* _WORK INSTRUCTIONS_: Your output should be the lines from the one with "Радиатор охлаждения двигателя основной" through the last line of the records below, exactly as written, minus the pictures.

* _DATA SECTION_:
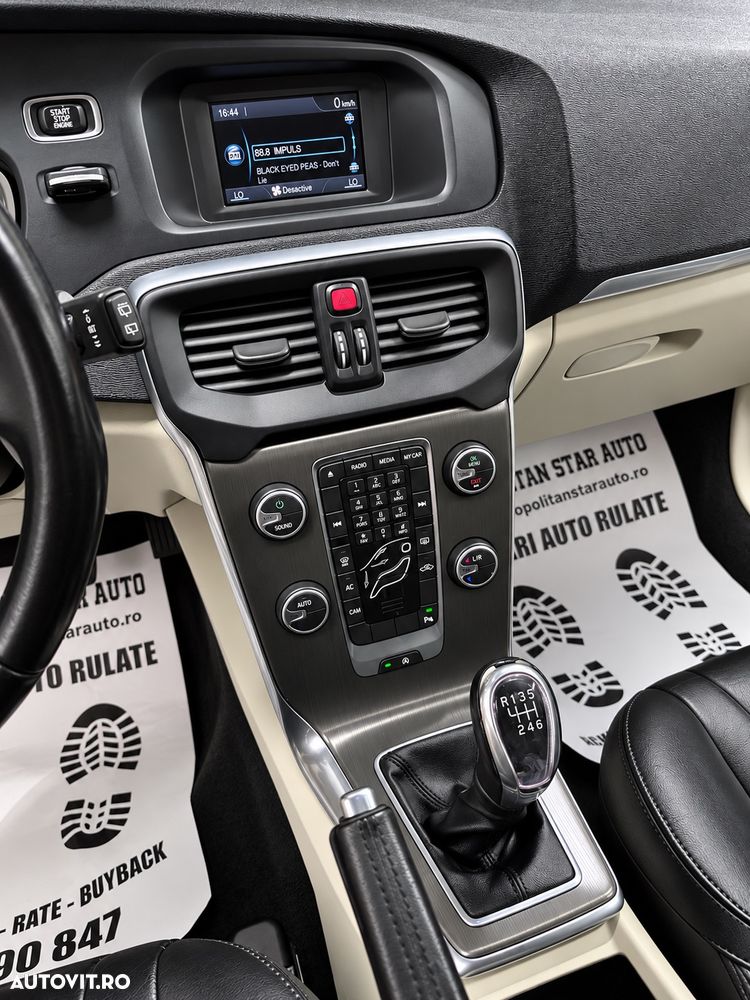 Volvo V40 - 10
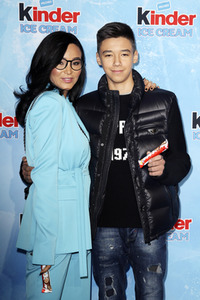 Kinder Frozen Pop-up Store Pre-Opening Event in Hamburg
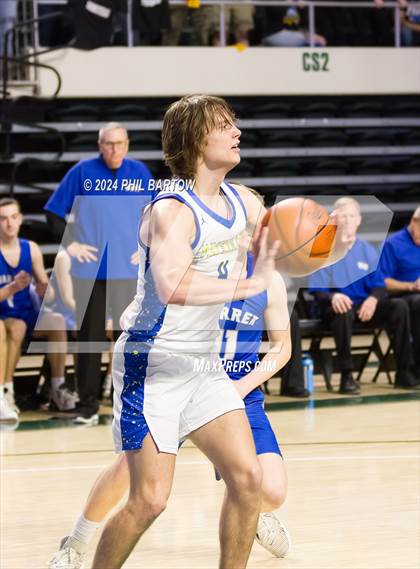 Thumbnail 2 in Maysville vs. Warren (OHSAA Division II Region 7 Regional Final) photogallery.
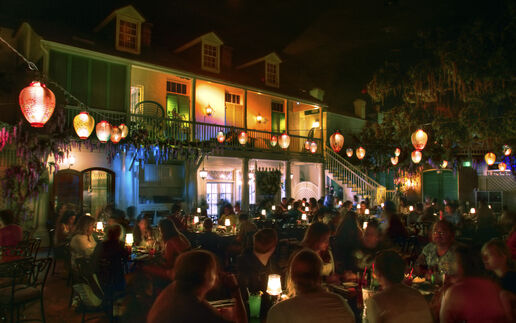 Blue Bayou (Disneyland) Inside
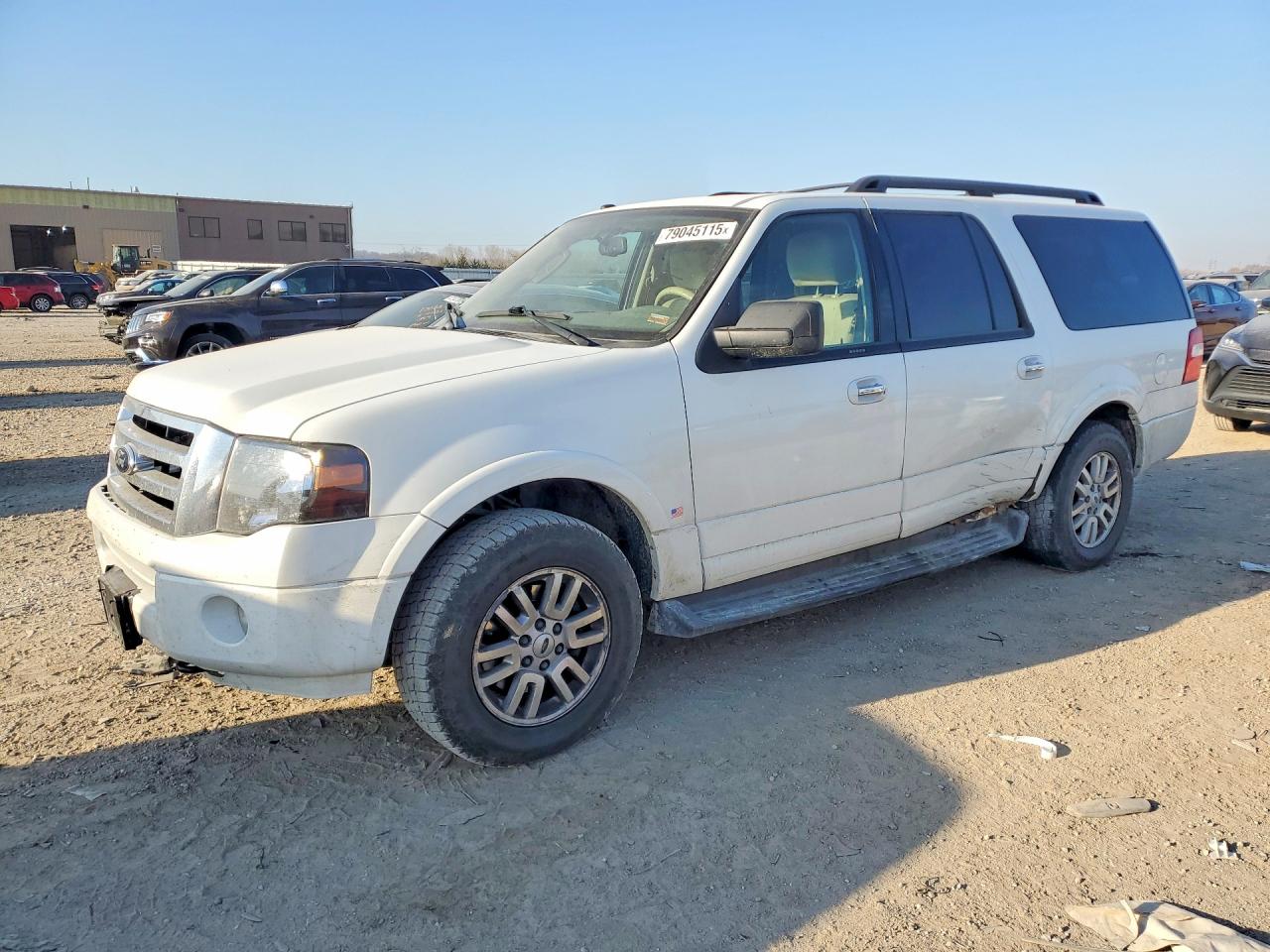 Salvage Ford Expedition Image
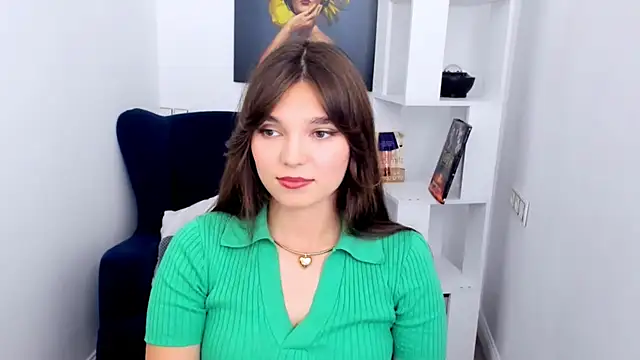 DivineAmour online show from September 19, 2025, 9:11 am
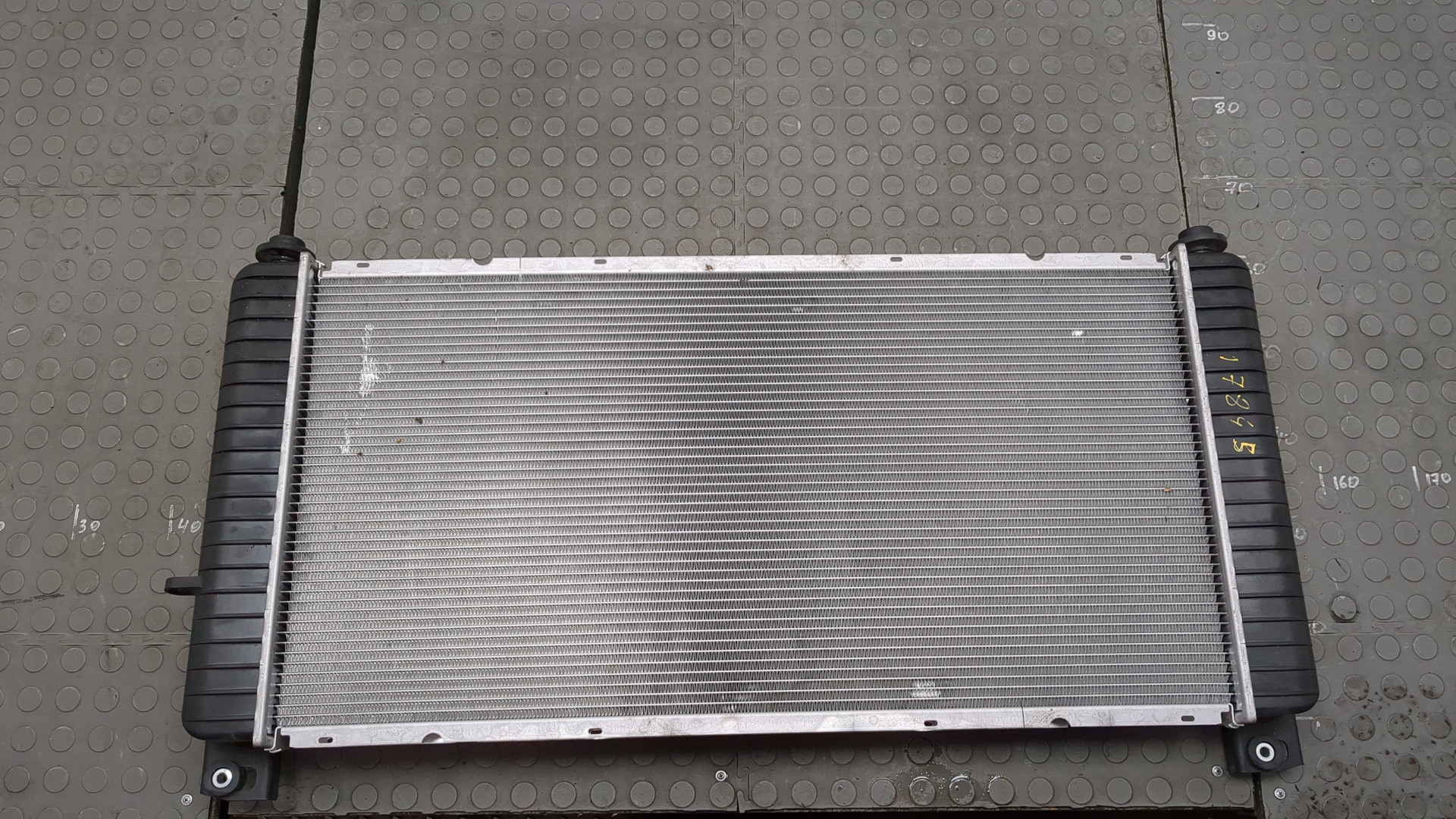 Радиатор охлаждения двигателя основной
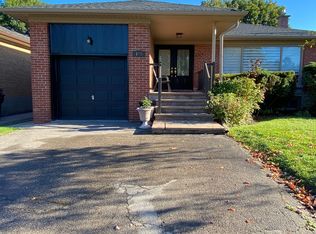 175 Searle Ave, Toronto, ON M3H 4B5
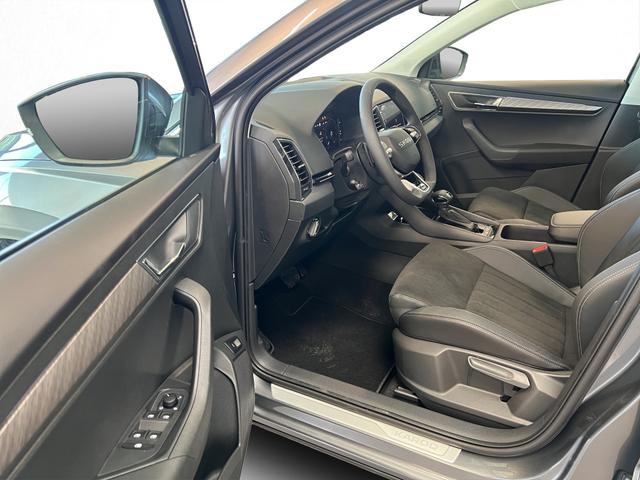 Skoda Karoq Selection Plus 1,5TSI DSG 110KW/150PS Panormadach, Lounge Sitze, AHK, Navi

* _EXERCISE RESULT_:
 Радиатор охлаждения двигателя основной
 175 Searle Ave, Toronto, ON M3H 4B5
 Skoda Karoq Selection Plus 1,5TSI DSG 110KW/150PS Panormadach, Lounge Sitze, AHK, Navi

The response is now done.